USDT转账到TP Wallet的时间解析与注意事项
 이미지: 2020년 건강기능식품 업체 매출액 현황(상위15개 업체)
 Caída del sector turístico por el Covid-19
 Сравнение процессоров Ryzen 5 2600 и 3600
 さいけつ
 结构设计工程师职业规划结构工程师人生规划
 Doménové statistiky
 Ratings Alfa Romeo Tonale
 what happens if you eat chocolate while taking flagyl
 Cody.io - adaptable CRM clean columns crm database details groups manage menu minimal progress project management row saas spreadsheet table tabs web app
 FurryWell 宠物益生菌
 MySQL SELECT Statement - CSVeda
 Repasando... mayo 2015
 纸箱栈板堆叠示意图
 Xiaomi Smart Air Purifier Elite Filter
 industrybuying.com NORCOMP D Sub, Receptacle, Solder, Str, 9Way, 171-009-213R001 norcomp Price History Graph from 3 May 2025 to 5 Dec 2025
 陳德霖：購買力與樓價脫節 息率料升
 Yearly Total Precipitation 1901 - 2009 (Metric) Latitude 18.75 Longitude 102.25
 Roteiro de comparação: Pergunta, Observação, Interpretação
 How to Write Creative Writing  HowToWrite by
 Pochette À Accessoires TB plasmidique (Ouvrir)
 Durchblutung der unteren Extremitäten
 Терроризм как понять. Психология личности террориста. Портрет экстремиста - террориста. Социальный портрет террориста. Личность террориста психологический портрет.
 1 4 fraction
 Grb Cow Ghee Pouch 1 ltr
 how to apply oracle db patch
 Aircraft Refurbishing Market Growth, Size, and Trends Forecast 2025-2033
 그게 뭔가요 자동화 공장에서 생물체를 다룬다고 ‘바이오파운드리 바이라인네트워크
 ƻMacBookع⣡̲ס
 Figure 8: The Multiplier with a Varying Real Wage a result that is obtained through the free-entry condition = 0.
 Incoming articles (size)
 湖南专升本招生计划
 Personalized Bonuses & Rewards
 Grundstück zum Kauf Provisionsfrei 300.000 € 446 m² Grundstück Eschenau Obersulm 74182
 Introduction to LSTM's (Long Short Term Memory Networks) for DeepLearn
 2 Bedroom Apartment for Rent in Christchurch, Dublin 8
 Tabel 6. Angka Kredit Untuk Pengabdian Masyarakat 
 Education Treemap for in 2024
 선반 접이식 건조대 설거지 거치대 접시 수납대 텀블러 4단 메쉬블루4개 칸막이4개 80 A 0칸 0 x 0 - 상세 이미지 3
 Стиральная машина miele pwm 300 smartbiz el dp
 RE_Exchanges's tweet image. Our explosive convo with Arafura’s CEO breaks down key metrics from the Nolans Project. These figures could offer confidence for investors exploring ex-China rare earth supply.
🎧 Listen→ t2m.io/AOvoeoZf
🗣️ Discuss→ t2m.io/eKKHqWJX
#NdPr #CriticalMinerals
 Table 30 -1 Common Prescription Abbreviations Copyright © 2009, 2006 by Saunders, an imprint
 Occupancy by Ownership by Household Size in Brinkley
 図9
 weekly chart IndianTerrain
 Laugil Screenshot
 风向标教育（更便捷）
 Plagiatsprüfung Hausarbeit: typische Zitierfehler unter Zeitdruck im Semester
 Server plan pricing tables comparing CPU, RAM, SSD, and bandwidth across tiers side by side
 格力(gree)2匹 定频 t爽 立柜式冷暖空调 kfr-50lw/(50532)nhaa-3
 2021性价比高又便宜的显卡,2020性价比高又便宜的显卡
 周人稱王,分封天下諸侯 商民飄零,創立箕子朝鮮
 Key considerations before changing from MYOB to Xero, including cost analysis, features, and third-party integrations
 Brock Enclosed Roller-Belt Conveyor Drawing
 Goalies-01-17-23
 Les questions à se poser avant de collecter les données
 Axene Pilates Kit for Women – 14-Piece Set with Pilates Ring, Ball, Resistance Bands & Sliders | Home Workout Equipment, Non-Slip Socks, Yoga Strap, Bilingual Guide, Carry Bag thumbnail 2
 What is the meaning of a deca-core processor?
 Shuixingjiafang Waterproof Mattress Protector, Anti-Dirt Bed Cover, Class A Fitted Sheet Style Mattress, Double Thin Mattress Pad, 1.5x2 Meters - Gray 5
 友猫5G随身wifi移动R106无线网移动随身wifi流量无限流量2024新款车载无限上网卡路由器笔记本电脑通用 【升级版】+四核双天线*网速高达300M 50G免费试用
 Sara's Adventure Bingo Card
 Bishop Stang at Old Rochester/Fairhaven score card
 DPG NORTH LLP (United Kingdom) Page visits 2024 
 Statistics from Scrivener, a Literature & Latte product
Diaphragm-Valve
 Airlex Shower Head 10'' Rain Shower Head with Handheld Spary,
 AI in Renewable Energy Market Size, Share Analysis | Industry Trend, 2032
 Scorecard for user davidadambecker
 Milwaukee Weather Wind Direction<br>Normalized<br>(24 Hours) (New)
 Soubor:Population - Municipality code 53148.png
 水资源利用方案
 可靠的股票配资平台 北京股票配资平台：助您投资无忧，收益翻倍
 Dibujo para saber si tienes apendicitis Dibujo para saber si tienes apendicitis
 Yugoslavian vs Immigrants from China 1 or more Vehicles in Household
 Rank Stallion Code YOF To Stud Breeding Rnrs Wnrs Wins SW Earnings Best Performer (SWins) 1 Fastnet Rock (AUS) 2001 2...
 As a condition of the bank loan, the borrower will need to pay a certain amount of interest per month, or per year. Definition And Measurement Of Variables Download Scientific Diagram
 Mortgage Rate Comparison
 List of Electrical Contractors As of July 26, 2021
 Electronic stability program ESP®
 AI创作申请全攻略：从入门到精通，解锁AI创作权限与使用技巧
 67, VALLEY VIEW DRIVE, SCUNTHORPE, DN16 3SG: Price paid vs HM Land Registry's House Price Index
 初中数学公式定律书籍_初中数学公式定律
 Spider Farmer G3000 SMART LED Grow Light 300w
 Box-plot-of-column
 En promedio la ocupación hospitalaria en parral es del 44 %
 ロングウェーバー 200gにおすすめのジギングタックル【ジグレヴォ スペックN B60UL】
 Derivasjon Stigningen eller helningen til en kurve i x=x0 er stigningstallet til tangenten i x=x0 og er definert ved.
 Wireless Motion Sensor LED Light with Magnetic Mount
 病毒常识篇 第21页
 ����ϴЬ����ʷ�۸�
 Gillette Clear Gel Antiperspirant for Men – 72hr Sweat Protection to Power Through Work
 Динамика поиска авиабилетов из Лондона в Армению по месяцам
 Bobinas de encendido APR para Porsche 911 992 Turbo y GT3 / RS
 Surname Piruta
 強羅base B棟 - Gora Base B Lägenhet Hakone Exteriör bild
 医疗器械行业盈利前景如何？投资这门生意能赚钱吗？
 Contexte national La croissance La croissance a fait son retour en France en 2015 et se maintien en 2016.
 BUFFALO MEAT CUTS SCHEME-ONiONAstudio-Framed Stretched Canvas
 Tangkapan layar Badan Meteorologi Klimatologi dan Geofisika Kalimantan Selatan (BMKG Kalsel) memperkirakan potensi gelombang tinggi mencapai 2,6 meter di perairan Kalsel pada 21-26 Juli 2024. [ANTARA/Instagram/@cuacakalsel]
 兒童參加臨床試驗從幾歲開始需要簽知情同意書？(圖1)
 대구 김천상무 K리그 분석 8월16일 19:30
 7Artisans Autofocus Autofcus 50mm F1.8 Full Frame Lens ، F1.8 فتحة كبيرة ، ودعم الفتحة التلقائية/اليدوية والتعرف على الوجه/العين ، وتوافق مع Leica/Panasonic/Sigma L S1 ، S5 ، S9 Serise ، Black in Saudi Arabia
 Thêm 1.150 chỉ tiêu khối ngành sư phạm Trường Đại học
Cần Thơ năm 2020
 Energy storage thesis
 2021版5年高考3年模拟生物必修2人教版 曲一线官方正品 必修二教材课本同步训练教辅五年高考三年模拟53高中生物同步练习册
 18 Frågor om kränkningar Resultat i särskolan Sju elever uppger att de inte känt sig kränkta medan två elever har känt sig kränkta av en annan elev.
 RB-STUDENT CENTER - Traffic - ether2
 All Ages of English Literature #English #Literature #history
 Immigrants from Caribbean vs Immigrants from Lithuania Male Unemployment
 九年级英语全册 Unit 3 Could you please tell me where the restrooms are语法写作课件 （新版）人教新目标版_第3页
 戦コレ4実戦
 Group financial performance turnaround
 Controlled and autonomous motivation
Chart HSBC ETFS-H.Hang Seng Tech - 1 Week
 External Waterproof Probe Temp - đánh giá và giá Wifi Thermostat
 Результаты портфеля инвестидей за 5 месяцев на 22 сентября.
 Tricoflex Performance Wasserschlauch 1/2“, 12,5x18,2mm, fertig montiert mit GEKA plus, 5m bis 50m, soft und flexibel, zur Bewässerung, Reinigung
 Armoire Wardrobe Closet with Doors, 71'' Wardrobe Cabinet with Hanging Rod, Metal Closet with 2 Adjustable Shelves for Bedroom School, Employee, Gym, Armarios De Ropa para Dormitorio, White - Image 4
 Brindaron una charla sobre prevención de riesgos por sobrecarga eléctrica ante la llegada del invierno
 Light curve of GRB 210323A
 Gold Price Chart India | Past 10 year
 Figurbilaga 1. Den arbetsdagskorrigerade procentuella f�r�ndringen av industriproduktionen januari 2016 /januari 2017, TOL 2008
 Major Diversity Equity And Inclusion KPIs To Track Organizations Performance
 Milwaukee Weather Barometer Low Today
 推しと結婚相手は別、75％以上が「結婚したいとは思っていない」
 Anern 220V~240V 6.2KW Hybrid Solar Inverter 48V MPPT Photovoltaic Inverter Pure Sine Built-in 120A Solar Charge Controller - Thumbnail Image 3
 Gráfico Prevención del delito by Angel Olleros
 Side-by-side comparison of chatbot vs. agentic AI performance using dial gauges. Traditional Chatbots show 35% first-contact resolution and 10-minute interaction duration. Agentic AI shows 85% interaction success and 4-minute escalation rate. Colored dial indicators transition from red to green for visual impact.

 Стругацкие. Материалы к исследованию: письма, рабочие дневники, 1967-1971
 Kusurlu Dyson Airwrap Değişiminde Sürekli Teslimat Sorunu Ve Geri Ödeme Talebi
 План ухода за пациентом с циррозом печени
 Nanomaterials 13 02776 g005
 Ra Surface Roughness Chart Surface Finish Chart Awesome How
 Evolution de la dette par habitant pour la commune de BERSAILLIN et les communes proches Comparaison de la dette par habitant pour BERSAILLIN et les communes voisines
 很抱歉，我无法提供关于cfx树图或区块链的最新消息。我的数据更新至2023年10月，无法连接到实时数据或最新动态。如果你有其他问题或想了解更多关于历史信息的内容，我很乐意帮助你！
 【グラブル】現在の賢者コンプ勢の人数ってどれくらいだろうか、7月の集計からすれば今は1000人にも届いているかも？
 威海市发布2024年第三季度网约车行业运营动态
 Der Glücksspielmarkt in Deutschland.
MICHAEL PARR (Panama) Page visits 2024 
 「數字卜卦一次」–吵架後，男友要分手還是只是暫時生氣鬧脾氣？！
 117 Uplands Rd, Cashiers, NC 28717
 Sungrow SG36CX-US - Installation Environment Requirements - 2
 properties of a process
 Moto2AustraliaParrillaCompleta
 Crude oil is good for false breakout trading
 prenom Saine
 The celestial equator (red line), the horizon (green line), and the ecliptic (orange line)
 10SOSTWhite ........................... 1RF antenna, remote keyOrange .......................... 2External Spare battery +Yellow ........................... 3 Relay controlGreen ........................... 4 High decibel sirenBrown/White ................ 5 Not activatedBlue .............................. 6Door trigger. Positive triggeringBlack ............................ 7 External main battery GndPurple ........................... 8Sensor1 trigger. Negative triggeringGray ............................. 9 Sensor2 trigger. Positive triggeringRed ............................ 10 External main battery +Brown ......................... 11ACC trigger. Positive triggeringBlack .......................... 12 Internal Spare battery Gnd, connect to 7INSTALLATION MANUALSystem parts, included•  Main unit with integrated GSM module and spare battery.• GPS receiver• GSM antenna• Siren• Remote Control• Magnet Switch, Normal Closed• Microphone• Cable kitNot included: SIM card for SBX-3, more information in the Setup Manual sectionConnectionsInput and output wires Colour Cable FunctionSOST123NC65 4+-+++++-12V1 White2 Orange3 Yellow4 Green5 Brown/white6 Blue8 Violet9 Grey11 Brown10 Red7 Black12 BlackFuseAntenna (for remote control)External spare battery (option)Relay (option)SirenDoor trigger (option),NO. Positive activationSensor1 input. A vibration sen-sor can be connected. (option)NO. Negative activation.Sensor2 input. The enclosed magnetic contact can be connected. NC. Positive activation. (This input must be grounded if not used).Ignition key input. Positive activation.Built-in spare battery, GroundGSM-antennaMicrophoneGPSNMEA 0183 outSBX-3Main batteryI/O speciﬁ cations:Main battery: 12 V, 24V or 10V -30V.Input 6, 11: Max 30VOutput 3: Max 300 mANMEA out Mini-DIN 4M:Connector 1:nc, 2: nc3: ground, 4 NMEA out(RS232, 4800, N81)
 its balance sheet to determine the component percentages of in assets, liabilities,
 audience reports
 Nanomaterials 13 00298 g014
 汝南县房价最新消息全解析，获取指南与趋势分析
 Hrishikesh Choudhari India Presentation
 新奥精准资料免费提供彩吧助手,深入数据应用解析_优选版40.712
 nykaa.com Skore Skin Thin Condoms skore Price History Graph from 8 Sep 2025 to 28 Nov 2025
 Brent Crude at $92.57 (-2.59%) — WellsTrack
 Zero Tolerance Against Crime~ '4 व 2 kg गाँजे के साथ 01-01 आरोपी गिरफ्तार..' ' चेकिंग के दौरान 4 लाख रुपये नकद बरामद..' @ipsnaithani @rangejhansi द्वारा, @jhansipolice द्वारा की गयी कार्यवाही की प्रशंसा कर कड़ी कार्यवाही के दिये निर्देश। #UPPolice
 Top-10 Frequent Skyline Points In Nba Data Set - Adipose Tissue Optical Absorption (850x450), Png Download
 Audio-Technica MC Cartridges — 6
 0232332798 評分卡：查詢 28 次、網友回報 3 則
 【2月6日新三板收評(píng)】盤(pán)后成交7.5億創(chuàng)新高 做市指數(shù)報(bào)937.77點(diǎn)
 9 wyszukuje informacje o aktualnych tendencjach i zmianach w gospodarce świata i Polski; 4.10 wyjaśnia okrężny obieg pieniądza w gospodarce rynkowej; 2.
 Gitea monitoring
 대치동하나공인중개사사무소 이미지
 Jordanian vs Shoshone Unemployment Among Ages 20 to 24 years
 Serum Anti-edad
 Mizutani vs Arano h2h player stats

★ ★ ★

• Task details: After locating the line with "18 Frågor om" above, return that line and every later line through the one with "Light curve of GRB 210323A", word for word and with nothing else.

• Your solution:
 18 Frågor om kränkningar Resultat i särskolan Sju elever uppger att de inte känt sig kränkta medan två elever har känt sig kränkta av en annan elev.
 RB-STUDENT CENTER - Traffic - ether2
 All Ages of English Literature #English #Literature #history
 Immigrants from Caribbean vs Immigrants from Lithuania Male Unemployment
 九年级英语全册 Unit 3 Could you please tell me where the restrooms are语法写作课件 （新版）人教新目标版_第3页
 戦コレ4実戦
 Group financial performance turnaround
 Controlled and autonomous motivation
Chart HSBC ETFS-H.Hang Seng Tech - 1 Week
 External Waterproof Probe Temp - đánh giá và giá Wifi Thermostat
 Результаты портфеля инвестидей за 5 месяцев на 22 сентября.
 Tricoflex Performance Wasserschlauch 1/2“, 12,5x18,2mm, fertig montiert mit GEKA plus, 5m bis 50m, soft und flexibel, zur Bewässerung, Reinigung
 Armoire Wardrobe Closet with Doors, 71'' Wardrobe Cabinet with Hanging Rod, Metal Closet with 2 Adjustable Shelves for Bedroom School, Employee, Gym, Armarios De Ropa para Dormitorio, White - Image 4
 Brindaron una charla sobre prevención de riesgos por sobrecarga eléctrica ante la llegada del invierno
 Light curve of GRB 210323A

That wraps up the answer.